U.S. Rep. Dave Loebsack, left, and challenger John Archer are shown at a forum in October.

Linda Cook/Quad-City Times

The hot-button issues of fair trade, education, immigration and health care lived up to their promise Sunday during a a candidate forum for contests in the Iowa Quad-Cities.

About 130 audience members listened while candidates answered questions that were provided by students in a 2 1/2-hour session in the Rogalski Center at St. Ambrose. Candidates did not answer any live questions from the audience.

The event was hosted by the Greater Quad-Cities Hispanic Chamber of Commerce, Scott Community College and St. Ambrose University. One of the objectives of the forum was to encourage voter turnout from the Hispanic community.

“Brown hands not only pick the food for the world, but they also pick the next president of the United States of America,” said Maria Mier-Llaca, who was the event co-chairperson with Rob Hill.

U.S. House of Representative candidates from Iowa’s 2nd District, Dave Loebsack, D-Iowa City, and Republican

challenger John Archer from Bettendorf, addressed global fair trade.

“I think we have to hold China accountable,” Loebsack said. “People want us to make things in America again.”

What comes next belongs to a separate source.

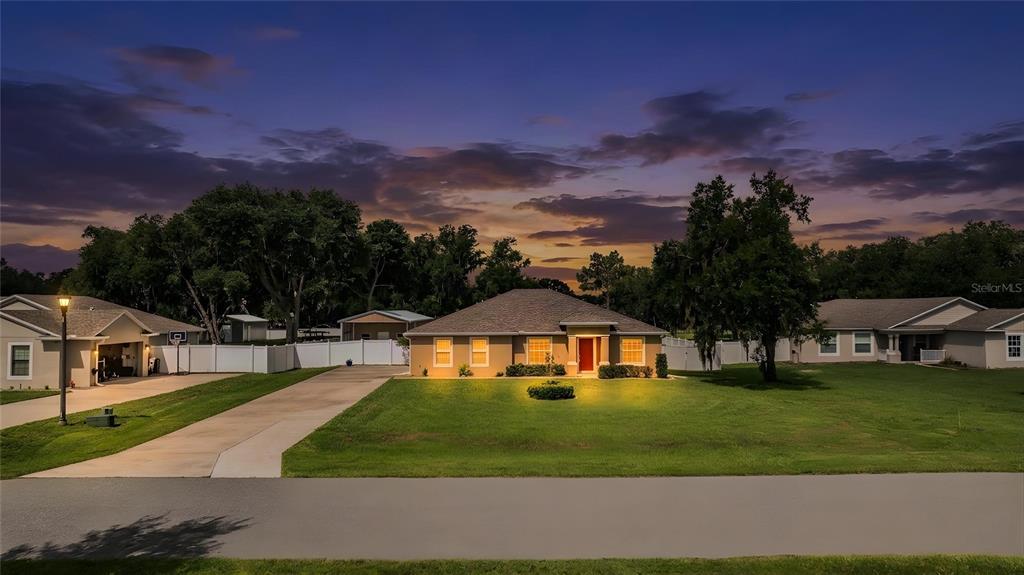 6419 English Creek Dr - 6419 English Creek Dr, Lakeland, FL 33811 Luxury Property | Jose Angel Pina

His opponent accused Loebsack of voting against a fair trade agreement “that would have created jobs in Iowa. He voted against jobs,” Archer said. He also said Loebsack attacked Deere & Co. and that the United Auto Workers were in favor of the free-trade agreements.

“I have absolutely no beef with John Deere,” Loebsack said. His concern, he said, is with Archer and the differences in their views on trade policy.

Loebsack said he supports the Affordable Care Act of 2010, but “If my opponent had his way, just being a woman could be considered a pre-existing condition,” adding that every American should have health coverage.

“We need to stop using scare tactics” when it comes to repealing ‘Obamacare,’” Archer said. “We need to talk about the costs of health care,” adding that competitive bidding should be opened for health care.

“We have to discuss costs and get costs under control anytime we talk about health care,” he said.

Both had different views on the issue of immigration.

“It is a federal issue,” Loebsack said. “We can’t have 50 different state (immigration) laws ... We need to crack down on employers who employ (undocumented workers).”

Archer received some boos when he said he does not support the Development, Relief and Education for Alien Minors act, the so-called Dream Act, that would give conditional residency to some undocumented residents who graduated from U.S. schools, served in the military or came to the United States as minors.

“It’s time we got serious about our borders. Securing our borders is a national security issue,” Archer said.

Compared to the intense atmosphere at a similar forum hosted by the chamber last week, the atmosphere was subdued.

Other candidates seeking election to the Scott County Board of Supervisors, Scott County Auditor and Scott County Sheriff also spoke briefly.

Other candidates who spoke at the forum included:

n State Senate District 46: Iowa Sen. Shawn Hamerlinck, a Republican, and candidate Chris Brase, a Democrat.

State Representative District 89:  Rep. Jim Lykam, a Democrat, and candidate Bill Edmond, a Republican.

State Representative District 90: Rep. Cindy Winckler, a Democrat, and candidate Mark Riley, nominated by petition.

State Representative District 92: Candidate Frank B. Wood, a Democrat, whose opponent Rep. Ross C. Paustian, Republican, did not attend.

State Representative District 93: Rep. Phyllis Thede, a Democrat, and candidate Mark Nelson, a Republican.

State Representative District 94: Rep. Linda Miller, a Republican, and candidate Maria Bribriesco, a Democrat.

State Representative District 97: Rep. Steven Olson, a Republican, and candidate Ted Whisler, a Democrat.